__What the task requires__. Give back exactly the lines of the entries below from the line with "Lot 21-05 Haut" to the line with "DSC_3769.jpg", inclusive, and only those.
(Beginning of Provided entries)
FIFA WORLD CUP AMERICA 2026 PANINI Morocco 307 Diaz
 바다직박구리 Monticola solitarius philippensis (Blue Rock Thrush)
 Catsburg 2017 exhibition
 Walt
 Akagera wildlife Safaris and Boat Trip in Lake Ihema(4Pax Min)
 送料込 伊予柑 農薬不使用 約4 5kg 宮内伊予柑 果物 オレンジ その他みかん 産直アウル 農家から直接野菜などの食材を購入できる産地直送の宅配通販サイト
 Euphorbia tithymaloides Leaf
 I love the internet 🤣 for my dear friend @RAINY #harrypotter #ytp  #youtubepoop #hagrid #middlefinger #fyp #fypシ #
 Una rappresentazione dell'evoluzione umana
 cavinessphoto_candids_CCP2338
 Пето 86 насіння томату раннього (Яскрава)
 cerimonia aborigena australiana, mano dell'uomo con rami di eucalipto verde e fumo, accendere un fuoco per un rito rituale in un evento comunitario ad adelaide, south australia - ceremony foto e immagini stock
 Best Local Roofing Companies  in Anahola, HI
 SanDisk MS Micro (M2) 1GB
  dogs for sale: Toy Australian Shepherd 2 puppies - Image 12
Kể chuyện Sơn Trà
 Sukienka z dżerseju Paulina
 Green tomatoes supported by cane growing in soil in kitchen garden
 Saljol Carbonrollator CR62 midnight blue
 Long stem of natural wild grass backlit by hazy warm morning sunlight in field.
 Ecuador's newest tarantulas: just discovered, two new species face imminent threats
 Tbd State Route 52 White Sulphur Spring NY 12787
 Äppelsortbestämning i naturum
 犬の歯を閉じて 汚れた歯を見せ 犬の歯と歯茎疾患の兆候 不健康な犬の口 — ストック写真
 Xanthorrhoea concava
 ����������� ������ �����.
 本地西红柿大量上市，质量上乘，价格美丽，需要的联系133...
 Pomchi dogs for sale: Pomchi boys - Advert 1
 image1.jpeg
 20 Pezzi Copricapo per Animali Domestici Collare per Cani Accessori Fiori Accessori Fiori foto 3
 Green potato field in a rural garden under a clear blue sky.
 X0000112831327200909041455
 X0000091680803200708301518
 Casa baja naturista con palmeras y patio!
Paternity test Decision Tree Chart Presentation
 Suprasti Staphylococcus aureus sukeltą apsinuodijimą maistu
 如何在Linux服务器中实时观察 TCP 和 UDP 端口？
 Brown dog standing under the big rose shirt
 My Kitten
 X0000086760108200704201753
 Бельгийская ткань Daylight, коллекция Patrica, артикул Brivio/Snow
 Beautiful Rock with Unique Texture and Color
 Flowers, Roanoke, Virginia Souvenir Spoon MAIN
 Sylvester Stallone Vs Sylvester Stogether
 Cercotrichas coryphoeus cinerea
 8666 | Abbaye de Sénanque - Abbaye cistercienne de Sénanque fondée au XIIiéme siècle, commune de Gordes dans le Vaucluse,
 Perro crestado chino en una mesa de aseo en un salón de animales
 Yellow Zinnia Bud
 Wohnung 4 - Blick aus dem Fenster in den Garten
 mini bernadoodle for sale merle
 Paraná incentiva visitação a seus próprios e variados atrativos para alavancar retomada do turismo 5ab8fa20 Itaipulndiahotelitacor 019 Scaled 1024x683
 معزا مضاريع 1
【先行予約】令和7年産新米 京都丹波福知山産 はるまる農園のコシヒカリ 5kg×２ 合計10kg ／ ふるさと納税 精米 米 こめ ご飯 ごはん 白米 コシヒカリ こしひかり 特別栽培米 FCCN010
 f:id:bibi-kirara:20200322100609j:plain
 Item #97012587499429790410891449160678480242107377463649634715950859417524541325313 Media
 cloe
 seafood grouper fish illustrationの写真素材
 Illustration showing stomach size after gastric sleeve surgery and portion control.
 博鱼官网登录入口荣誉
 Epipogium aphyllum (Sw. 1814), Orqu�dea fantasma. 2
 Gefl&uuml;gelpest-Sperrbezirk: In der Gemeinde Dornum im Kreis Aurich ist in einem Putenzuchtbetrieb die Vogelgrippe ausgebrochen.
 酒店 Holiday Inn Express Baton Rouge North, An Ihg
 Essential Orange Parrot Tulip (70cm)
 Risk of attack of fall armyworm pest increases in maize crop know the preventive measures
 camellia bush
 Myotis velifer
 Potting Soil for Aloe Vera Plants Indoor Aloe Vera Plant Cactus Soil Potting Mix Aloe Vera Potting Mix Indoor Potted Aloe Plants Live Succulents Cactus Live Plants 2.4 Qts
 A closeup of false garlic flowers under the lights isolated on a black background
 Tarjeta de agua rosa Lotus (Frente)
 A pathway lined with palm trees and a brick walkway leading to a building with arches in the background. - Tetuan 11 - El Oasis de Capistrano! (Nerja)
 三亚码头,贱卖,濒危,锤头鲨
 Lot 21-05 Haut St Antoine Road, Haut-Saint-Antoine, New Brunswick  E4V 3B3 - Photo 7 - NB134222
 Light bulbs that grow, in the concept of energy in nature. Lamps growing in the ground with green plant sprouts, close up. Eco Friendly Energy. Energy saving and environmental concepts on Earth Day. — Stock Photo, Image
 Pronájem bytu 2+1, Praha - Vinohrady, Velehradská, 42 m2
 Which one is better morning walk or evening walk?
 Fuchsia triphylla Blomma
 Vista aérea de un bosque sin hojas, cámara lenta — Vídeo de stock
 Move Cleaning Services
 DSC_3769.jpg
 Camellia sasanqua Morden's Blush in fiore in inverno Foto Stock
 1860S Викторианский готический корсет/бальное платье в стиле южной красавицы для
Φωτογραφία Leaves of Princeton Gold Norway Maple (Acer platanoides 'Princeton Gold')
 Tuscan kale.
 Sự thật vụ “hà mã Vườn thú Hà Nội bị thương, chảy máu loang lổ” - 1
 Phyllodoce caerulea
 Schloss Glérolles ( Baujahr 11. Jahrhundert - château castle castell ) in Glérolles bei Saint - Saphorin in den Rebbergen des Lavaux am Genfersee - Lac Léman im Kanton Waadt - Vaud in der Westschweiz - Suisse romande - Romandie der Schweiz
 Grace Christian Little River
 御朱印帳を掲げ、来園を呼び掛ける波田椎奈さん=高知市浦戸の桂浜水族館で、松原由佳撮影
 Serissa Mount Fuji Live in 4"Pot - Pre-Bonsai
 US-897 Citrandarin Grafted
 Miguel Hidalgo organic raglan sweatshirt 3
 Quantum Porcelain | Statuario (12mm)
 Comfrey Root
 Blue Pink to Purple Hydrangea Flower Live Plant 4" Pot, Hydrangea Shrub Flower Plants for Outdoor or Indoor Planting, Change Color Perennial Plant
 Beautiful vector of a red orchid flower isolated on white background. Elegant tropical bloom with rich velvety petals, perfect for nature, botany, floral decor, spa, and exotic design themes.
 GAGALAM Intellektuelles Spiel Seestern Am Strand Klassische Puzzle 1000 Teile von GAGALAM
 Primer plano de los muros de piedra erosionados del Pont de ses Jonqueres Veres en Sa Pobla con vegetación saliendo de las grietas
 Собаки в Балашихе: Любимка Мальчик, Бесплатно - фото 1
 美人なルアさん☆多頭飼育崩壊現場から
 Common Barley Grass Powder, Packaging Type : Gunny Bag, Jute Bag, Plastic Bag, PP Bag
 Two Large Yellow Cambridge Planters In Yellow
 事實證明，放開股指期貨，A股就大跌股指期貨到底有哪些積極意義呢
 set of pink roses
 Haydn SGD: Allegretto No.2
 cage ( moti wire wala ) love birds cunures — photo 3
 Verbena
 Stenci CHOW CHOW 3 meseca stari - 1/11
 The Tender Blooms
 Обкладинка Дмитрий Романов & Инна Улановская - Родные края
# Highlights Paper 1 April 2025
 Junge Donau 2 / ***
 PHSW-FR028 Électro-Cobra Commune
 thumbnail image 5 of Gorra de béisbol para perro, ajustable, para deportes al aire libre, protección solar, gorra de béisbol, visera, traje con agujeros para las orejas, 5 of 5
(End of Provided entries)
__Response to this task__.
 Lot 21-05 Haut St Antoine Road, Haut-Saint-Antoine, New Brunswick  E4V 3B3 - Photo 7 - NB134222
 Light bulbs that grow, in the concept of energy in nature. Lamps growing in the ground with green plant sprouts, close up. Eco Friendly Energy. Energy saving and environmental concepts on Earth Day. — Stock Photo, Image
 Pronájem bytu 2+1, Praha - Vinohrady, Velehradská, 42 m2
 Which one is better morning walk or evening walk?
 Fuchsia triphylla Blomma
 Vista aérea de un bosque sin hojas, cámara lenta — Vídeo de stock
 Move Cleaning Services
 DSC_3769.jpg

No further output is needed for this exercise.